WORK REQUIRED: Copy nothing but the lines from the opening of the entries through the line that contains "پرزگیر لباس شیائومی", exactly as written. Drop the pictures.

Dataset excerpts:
▼▼▼

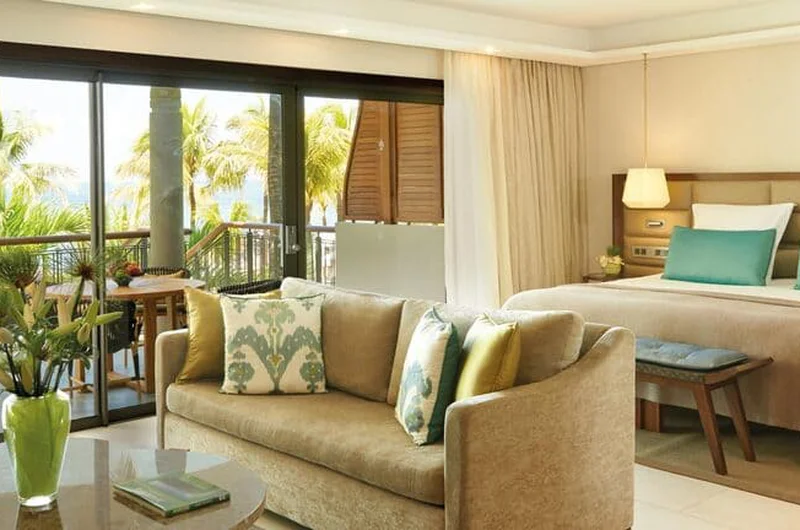 Royal Palm Beachcomber luxus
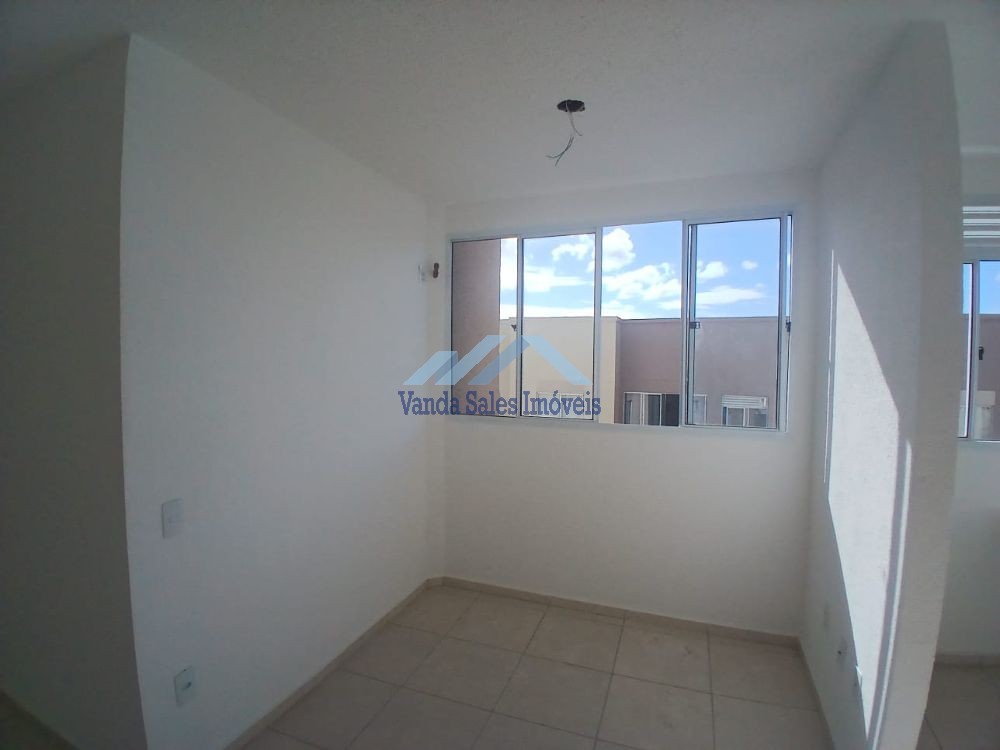 Apartamento para Locação -  - Campo Grande - RJ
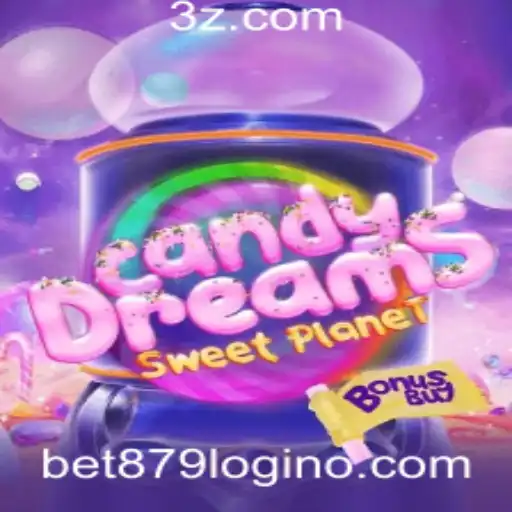 CandyDreamsSweetPlanet: Uma Aventura Doce e Envolvente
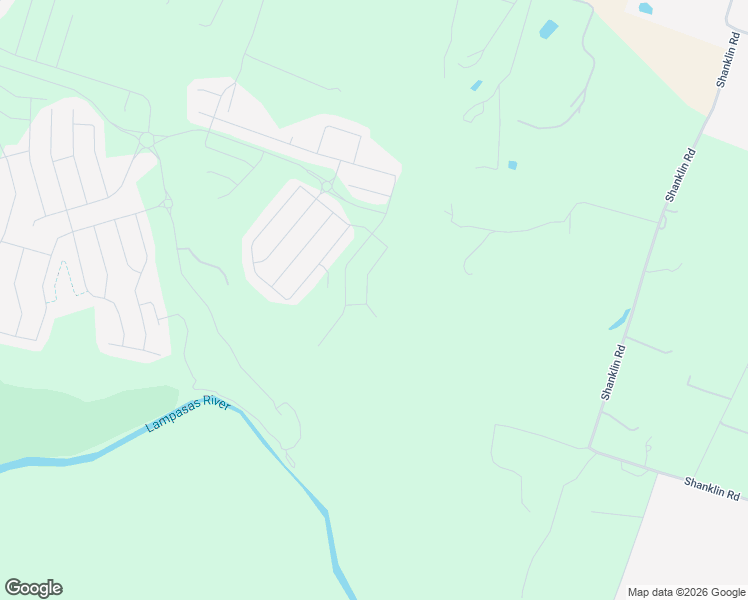 map of restaurants, bars, coffee shops, grocery stores, and more near 6005 Hamlet Drive in Belton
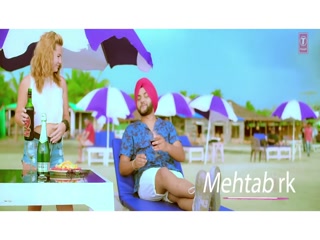Peek A Boo Mehtab Virk Video Song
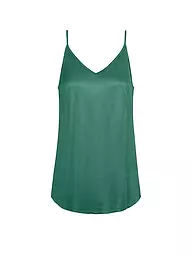 MEY | Top - Camisole COCO | Verde oscuro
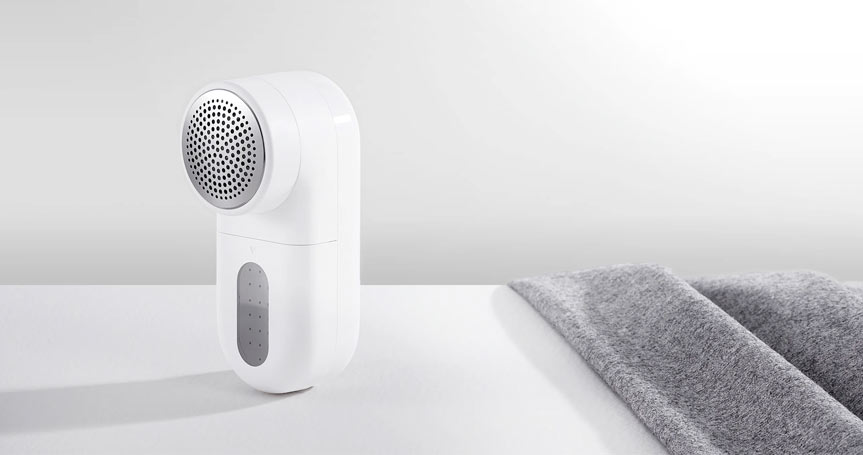 پرزگیر لباس شیائومی Xiaomi Mijia Lint Remover/نماکم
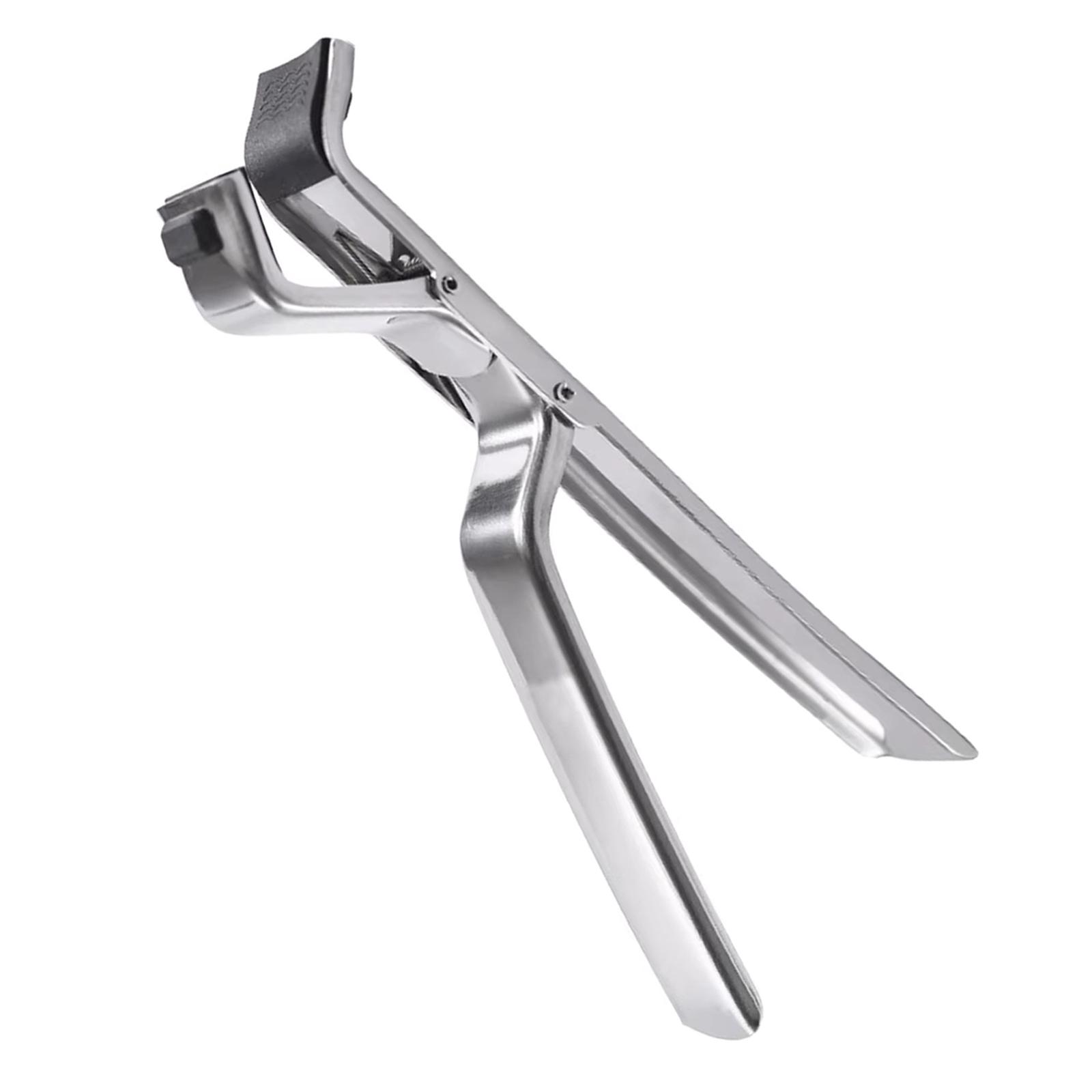 

Прочный захват для горячих тарелок с удобной ручкой, захват для горячих блюд, посуда для горячей кухонной посуды и посуды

▲▲▲

SOLUTION BELOW:
 Royal Palm Beachcomber luxus
 Apartamento para Locação -  - Campo Grande - RJ
 CandyDreamsSweetPlanet: Uma Aventura Doce e Envolvente
 map of restaurants, bars, coffee shops, grocery stores, and more near 6005 Hamlet Drive in Belton
Peek A Boo Mehtab Virk Video Song
 MEY | Top - Camisole COCO | Verde oscuro
 پرزگیر لباس شیائومی Xiaomi Mijia Lint Remover/نماکم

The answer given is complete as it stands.